I'm also not a scientist or medical professional, so just think of me as some
guy on the Internet saying "mycology is an interesting non-big-pharma industry
that has bio-prospecting potential due to its anti-viral properties", and Paul
Stamets is the source of that statement.

(Personally, I'm making a lot of Reishi tea and taking a spectrum of polypore
supplements as a general immune booster, not a specific defense against
COVID-19).

P.S. good luck finding cordyceps!

------
nextos
In my opinion, there are several paradoxes linked to COVID-19 that ought to be
researched quickly to help screening susceptible individuals and drug
development.

Children seem immune, which is in stark contrast with common flu. Furthermore,
lots of patients that recover from COVID-19 have severe lung damage.
Interestingly, I have seen reports of an inverse correlation between
lymphocyte count and survival. To me this suggests some autoimmune damage in
critically ill patients. Understanding host genetics (HLA) and viral mimotopes
is a must. No idea why this is not being done.

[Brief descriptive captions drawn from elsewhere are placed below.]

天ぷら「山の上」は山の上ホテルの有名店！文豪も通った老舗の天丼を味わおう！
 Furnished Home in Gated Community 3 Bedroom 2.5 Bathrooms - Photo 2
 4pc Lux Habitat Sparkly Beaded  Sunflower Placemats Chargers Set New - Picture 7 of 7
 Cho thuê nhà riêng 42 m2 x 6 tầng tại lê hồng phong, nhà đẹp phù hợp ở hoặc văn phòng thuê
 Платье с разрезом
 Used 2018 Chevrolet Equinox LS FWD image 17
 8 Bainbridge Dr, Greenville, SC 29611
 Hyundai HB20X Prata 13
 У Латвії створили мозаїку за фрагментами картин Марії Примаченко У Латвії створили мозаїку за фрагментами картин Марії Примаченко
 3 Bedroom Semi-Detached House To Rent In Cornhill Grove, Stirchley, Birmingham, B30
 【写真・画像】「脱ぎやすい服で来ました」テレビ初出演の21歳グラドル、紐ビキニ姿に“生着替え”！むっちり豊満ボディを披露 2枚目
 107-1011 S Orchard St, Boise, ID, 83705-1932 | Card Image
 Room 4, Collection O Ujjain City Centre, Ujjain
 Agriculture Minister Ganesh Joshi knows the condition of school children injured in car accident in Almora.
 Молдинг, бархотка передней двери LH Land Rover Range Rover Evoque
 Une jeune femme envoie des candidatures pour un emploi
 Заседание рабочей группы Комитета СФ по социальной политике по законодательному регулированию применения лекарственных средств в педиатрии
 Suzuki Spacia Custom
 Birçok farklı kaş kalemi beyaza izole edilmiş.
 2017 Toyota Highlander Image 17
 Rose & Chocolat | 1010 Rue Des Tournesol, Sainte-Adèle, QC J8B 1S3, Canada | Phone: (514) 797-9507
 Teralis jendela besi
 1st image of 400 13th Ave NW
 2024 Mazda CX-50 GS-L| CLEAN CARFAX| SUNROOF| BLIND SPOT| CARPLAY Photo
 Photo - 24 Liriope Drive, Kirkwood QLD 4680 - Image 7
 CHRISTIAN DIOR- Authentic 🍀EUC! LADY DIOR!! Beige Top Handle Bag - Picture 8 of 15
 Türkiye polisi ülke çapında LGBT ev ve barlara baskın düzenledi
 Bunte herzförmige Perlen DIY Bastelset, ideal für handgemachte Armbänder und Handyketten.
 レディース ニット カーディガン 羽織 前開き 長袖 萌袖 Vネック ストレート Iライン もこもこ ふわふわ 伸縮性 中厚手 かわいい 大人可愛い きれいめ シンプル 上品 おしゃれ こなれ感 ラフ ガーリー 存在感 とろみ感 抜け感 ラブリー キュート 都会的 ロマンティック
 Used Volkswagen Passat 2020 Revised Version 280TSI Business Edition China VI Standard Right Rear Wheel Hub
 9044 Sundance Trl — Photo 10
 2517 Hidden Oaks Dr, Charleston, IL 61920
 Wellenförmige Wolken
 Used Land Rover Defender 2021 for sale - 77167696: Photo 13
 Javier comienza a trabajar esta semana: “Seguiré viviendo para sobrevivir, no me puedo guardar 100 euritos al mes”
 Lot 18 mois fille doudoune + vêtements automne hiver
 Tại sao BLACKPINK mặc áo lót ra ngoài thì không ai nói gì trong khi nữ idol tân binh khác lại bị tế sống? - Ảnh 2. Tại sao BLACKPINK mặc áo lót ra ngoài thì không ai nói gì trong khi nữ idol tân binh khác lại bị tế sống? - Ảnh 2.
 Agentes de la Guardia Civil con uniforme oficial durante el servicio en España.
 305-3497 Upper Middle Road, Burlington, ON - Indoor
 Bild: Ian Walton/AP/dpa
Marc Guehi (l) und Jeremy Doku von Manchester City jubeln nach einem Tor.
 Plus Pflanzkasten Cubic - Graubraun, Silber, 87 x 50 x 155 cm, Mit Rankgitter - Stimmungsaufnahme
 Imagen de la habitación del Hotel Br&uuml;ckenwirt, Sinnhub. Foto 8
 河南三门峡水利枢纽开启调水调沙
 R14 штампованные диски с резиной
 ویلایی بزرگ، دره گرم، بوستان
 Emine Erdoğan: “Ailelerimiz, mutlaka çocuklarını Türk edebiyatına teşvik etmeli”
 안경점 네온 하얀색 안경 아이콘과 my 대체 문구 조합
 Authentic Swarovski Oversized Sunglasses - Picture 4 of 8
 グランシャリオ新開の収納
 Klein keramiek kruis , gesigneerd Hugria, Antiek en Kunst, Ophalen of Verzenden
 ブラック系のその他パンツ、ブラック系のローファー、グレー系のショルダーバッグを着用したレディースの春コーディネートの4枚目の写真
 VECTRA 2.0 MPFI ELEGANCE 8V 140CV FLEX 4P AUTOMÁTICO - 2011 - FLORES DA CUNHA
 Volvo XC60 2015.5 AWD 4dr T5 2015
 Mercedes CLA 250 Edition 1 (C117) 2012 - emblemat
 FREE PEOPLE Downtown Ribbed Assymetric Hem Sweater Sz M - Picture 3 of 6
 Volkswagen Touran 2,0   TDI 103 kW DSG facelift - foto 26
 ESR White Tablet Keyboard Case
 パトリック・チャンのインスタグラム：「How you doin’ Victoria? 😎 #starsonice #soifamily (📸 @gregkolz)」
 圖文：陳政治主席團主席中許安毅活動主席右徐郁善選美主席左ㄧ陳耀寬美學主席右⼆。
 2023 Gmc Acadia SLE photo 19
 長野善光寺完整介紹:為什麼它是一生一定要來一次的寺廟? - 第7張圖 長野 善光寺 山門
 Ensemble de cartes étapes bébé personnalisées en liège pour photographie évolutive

Tocilizumab, a drug for rheumatoid arthritis, has been repurposed against
COVID-19 in Italy, with promising preliminary results. This seems in line with
the autoimmune hypothesis I outlined. Other autoimmune disease drugs are
getting repurposed too, but there is a lack of basic principles understanding.

------
headgasket
Air travel in crammed tiny metal and composite tubes for long periods that
need to be turned around in a jiffy thus may be subject to deficient cleaning
is most def a vector. For the long term it would great to design airplanes
that have a inner tube component that can be pulled with the nose moved up.
Basically a bus without an engine. Cheap, can be driven around the unending
concourses, can be sterilized properly because an extra one can be used. I
think it may even end up being a time and money saver, boarding is a non
compressible and long part that could be a lot faster from the sides.Not sure
it'a 10X...

------
tcbawo
There are a lot of mom and pop stores and restaurants that will suffer and may
go out of business. If there is a secure, convenient website to set up gift
card purchases, it might keep these places afloat.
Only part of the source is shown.